Unique opportunities for microstructure engineering via trace B4C addition to Ti-6Al-4V through laser powder bed fusion process: As-built and heat-treated scenarios

Abstract

This research study examines the role of minor B 4 C addition (0.2 wt%) in improving the mechanical properties of the laser powder bed fusion (L-PBF) fabricated Ti-6Al-4V (Ti64) alloy in the as-built and heat-treated conditions. The fabricated titanium matrix composites (TMCs) were subjected to two different heat treatment scenarios, i.e., subtransus and supertransus, and were compared to the Ti64 counterparts exposed to the same thermal cycles. Both as-built and heat-treated Ti64 and TMC samples were characterized in terms of the grain structure, microstructure within the grains, and the size, morphology, volume fraction, and crystallographic orientation of the phases. The knowledge gained from microstructural investigations was correlated to the mechanical behavior of components, including compressive strength and ductility, microhardness, and scratch resistance.

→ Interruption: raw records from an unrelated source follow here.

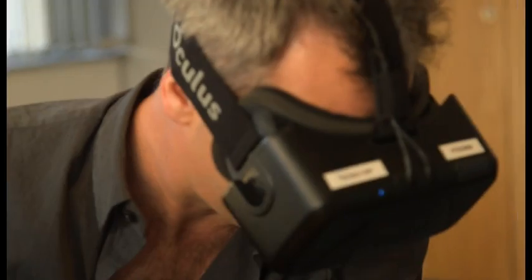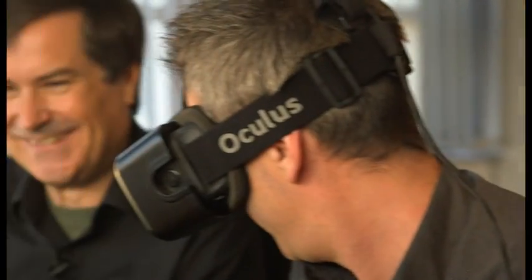Where's the fire extinguisher? There's a keyboard down there. Look at the red function keys — you'll like that, on the keyboard. That's a little in-joke.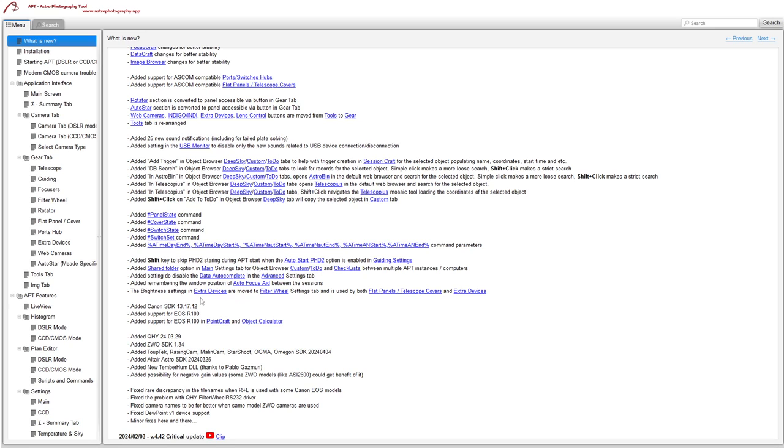The brightness settings for flat panels that were in the extra devices panel are now moved to the filter settings tab in the settings dialog. There's a whole lot of new driver support — the Canon EOS R100 has been added, updated drivers for ZWO and Canon and various other manufacturers, a new TempHum DLL for TempHum sensors, and the ability to use negative gain (apparently the ZWO 2600 can use this). There are also a few other small fixes along the way.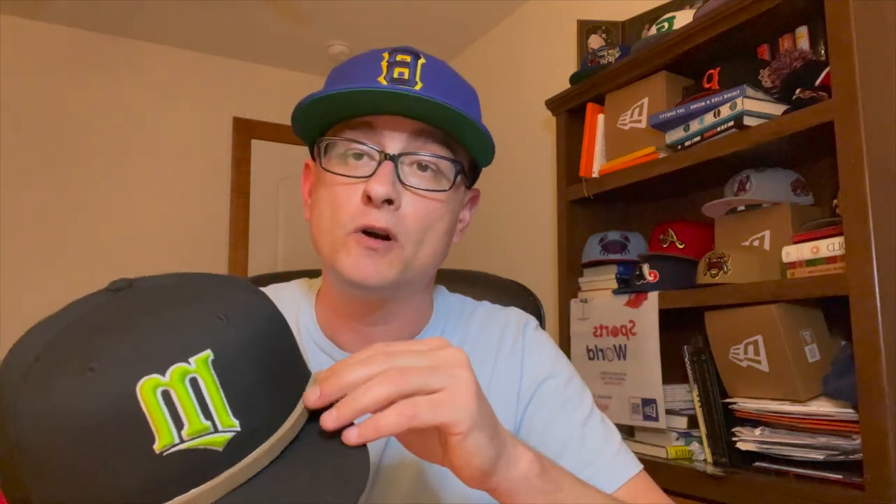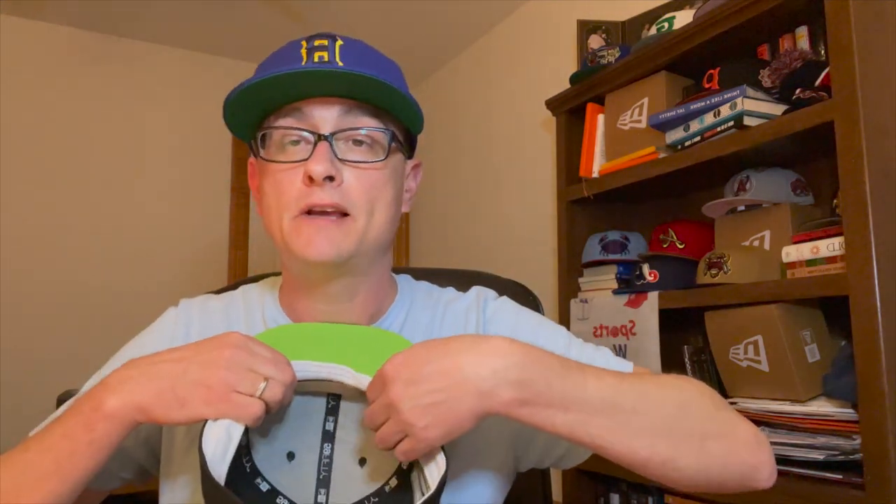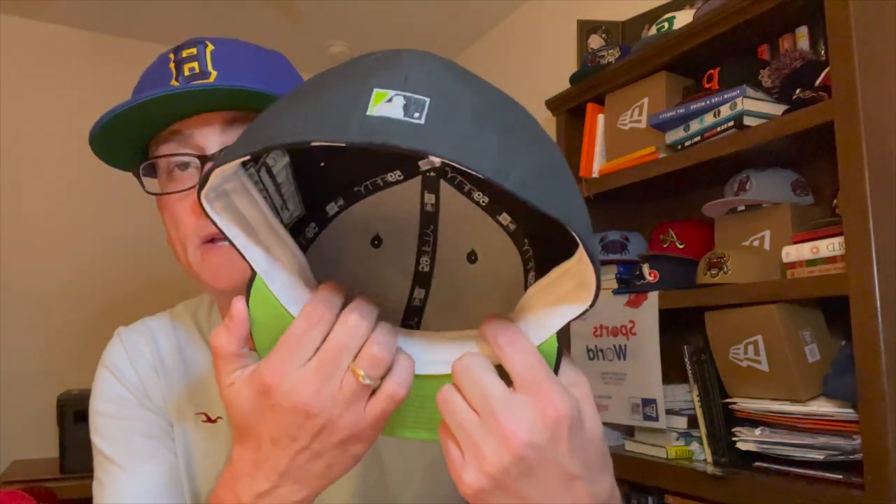Basically, what you want to do — let me switch hats so I can show you — is cut off a strip about the size of the visor. If your hat's really loose, cut off a little bit more; if it's just a little loose, cut off a little bit less. Take the hat, flip the sweatband inside out, and place the foam strip right where the visor meets the crown, right behind the buckram. I like to put it behind the buckram because it doesn't create a bulge when you're wearing the hat — if you put it in the back or on the sides it could stick out a little bit.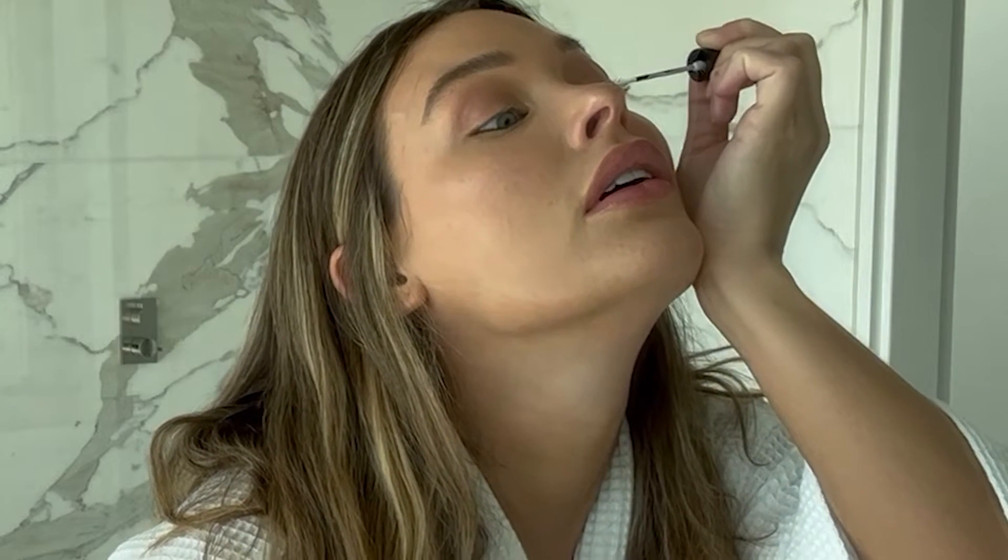I'm just going to do it one at a time — one eye and then the other eye. There's a lot of glue. I hope this works. I hope I put this on right, otherwise I'm going to have to leave and do my own makeup.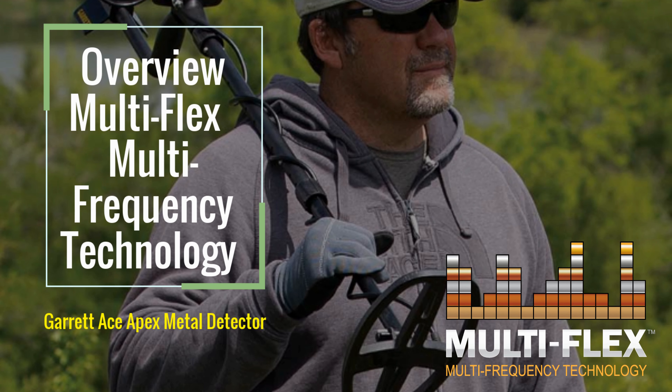In this video, we cover an overview of the Multiflex Multi-Frequency Technology featured in the Garrett Ace Apex Metal Detector.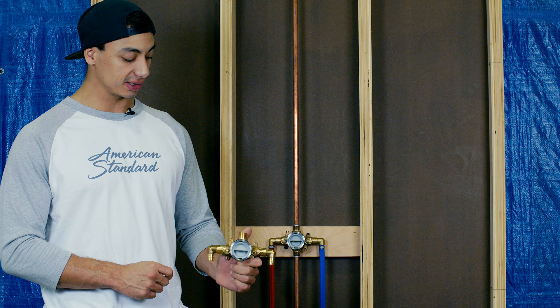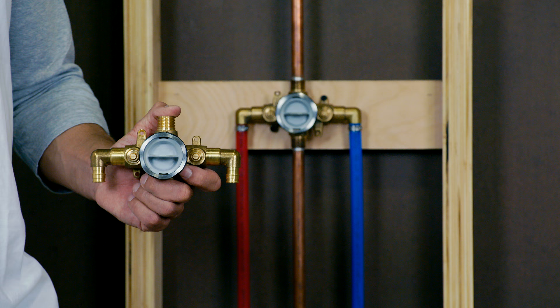One of the great things about the American Standard flash shower valve is the new connection options. Right here we have the PEX connection options, saving the plumber time where they don't have to solder elbows into the shower valve.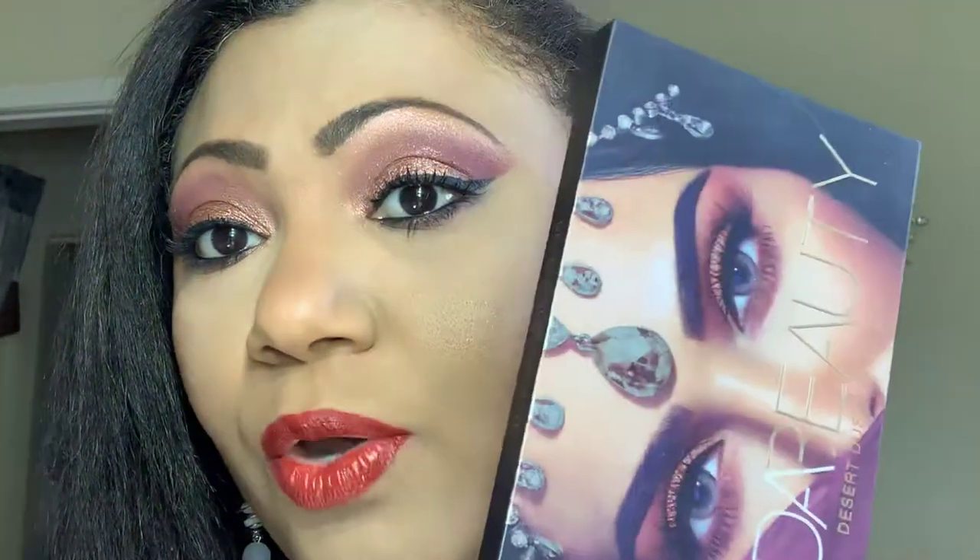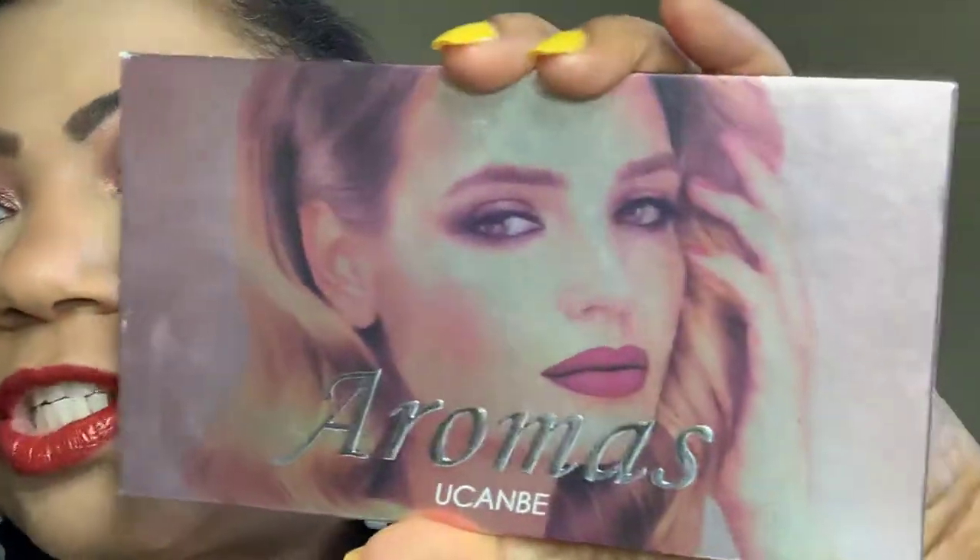I kind of don't want to buy the Huda palette. Actually this month is the first time I've gotten a lot of usage out of the larger Huda palette. I use the small nine-pan Obsessions palette more than the larger one. That being said, I decided to look into a dupe and enter the Aromas palette from You Can Be.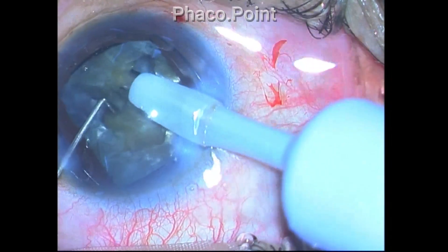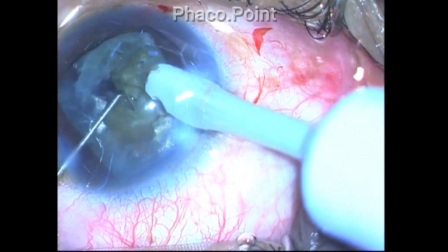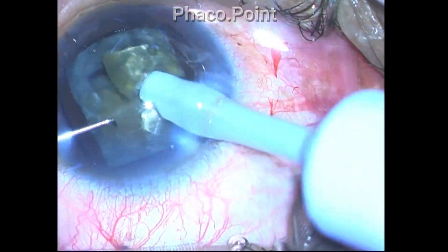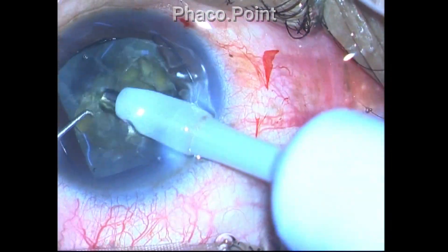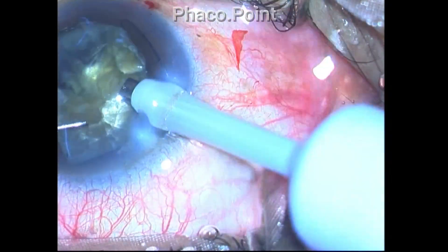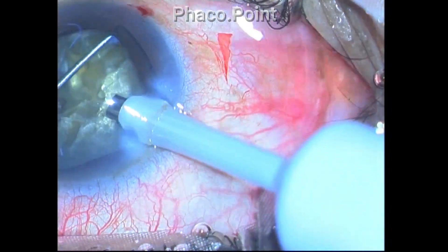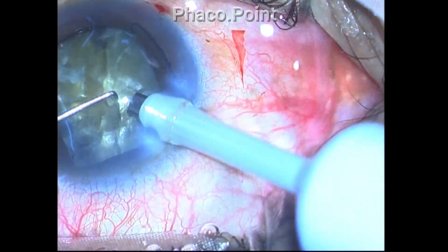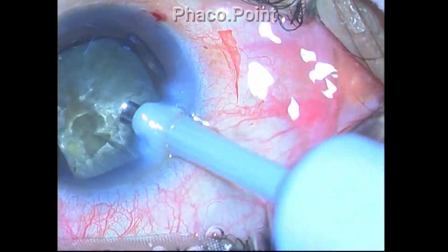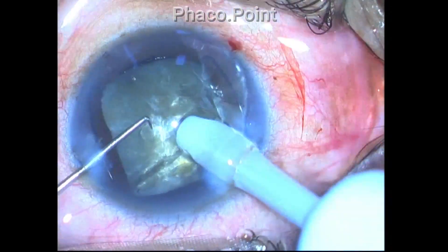If the exposure of the phaco tip is not enough, you will not achieve adequate depth, making it very difficult to create a through-and-through chop. The key message: in harder grades of cataract, expose the phaco tip to at least two to three millimeters so it can penetrate to the midpoint of the endonucleus. In very hard cataracts the endonucleus can be five millimeters, making the midpoint two and a half millimeters deep.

The governing strengthening mechanisms were identified, and the contribution of each mechanism in the overall yield strength was explored. Results revealed that TMCs possessed higher yield and ultimate compressive strengths than their Ti64 counterparts owing to the hard TiB needles homogeneously dispersed in the microstructure. However, except for the supertransus heat-treated condition, the TMCs showed slightly lower fracture strain than the Ti64 samples. The elimination of GB-α in the supertransus heat-treated TMC sample caused by the TiB needles led to a higher fracture strain than the corresponding Ti64 case. While the implemented heat treatment strategies could tailor the mechanical properties, the optimum thermal cycles for Ti64 were not necessarily applicable to TMC components.